EXERCISE INSTRUCTIONS – Find, in the records below, the line that contains "Audi A4 Limousine - 17" and the line that contains "Buick Enclave FWD 4dr Essence 2023". Copy those two lines and everything between them exactly, but not the pictures.

DATA RECORDS –
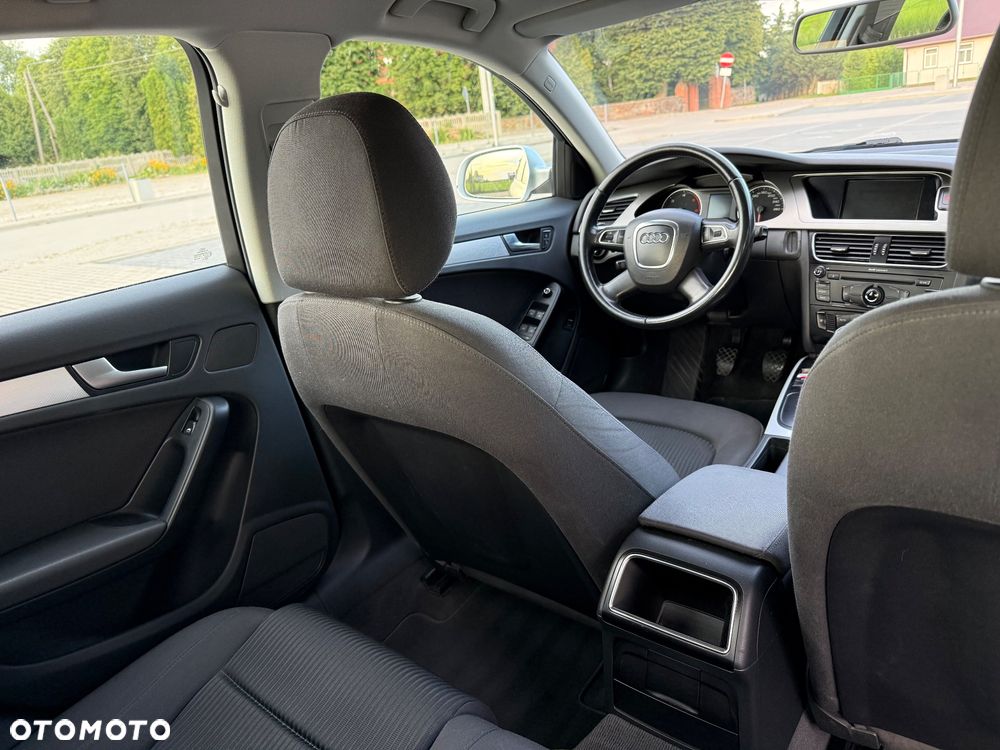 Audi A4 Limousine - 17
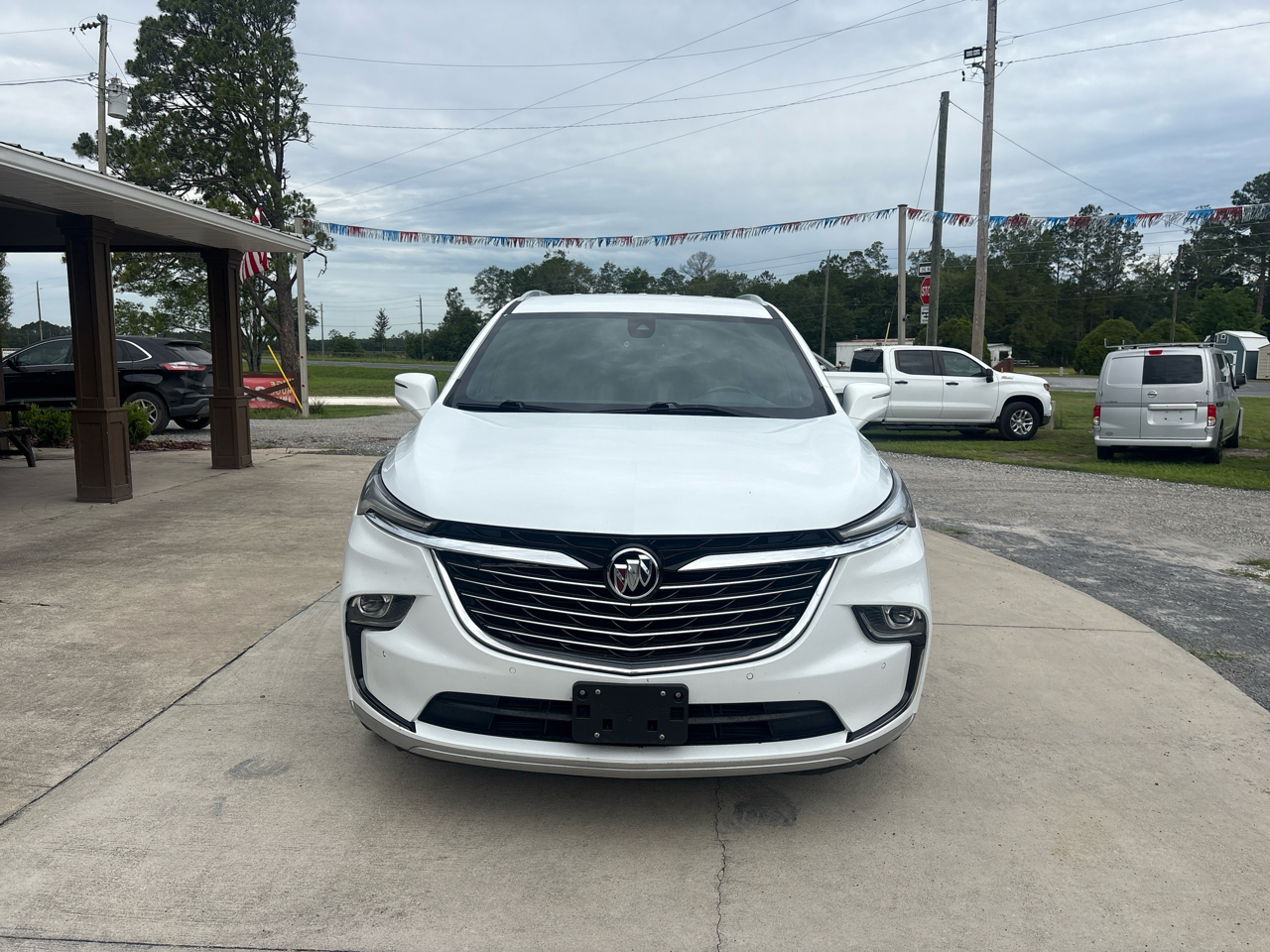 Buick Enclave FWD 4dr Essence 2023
---
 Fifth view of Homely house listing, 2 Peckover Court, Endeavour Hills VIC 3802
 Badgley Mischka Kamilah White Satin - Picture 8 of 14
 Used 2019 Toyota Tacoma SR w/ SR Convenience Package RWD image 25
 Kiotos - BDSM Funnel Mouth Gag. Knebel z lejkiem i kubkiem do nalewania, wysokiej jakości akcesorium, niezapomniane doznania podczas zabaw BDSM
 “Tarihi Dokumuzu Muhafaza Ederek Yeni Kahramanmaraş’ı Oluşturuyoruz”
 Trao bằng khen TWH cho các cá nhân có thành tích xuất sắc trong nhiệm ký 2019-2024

TASK OUTPUT –
 Audi A4 Limousine - 17
 Buick Enclave FWD 4dr Essence 2023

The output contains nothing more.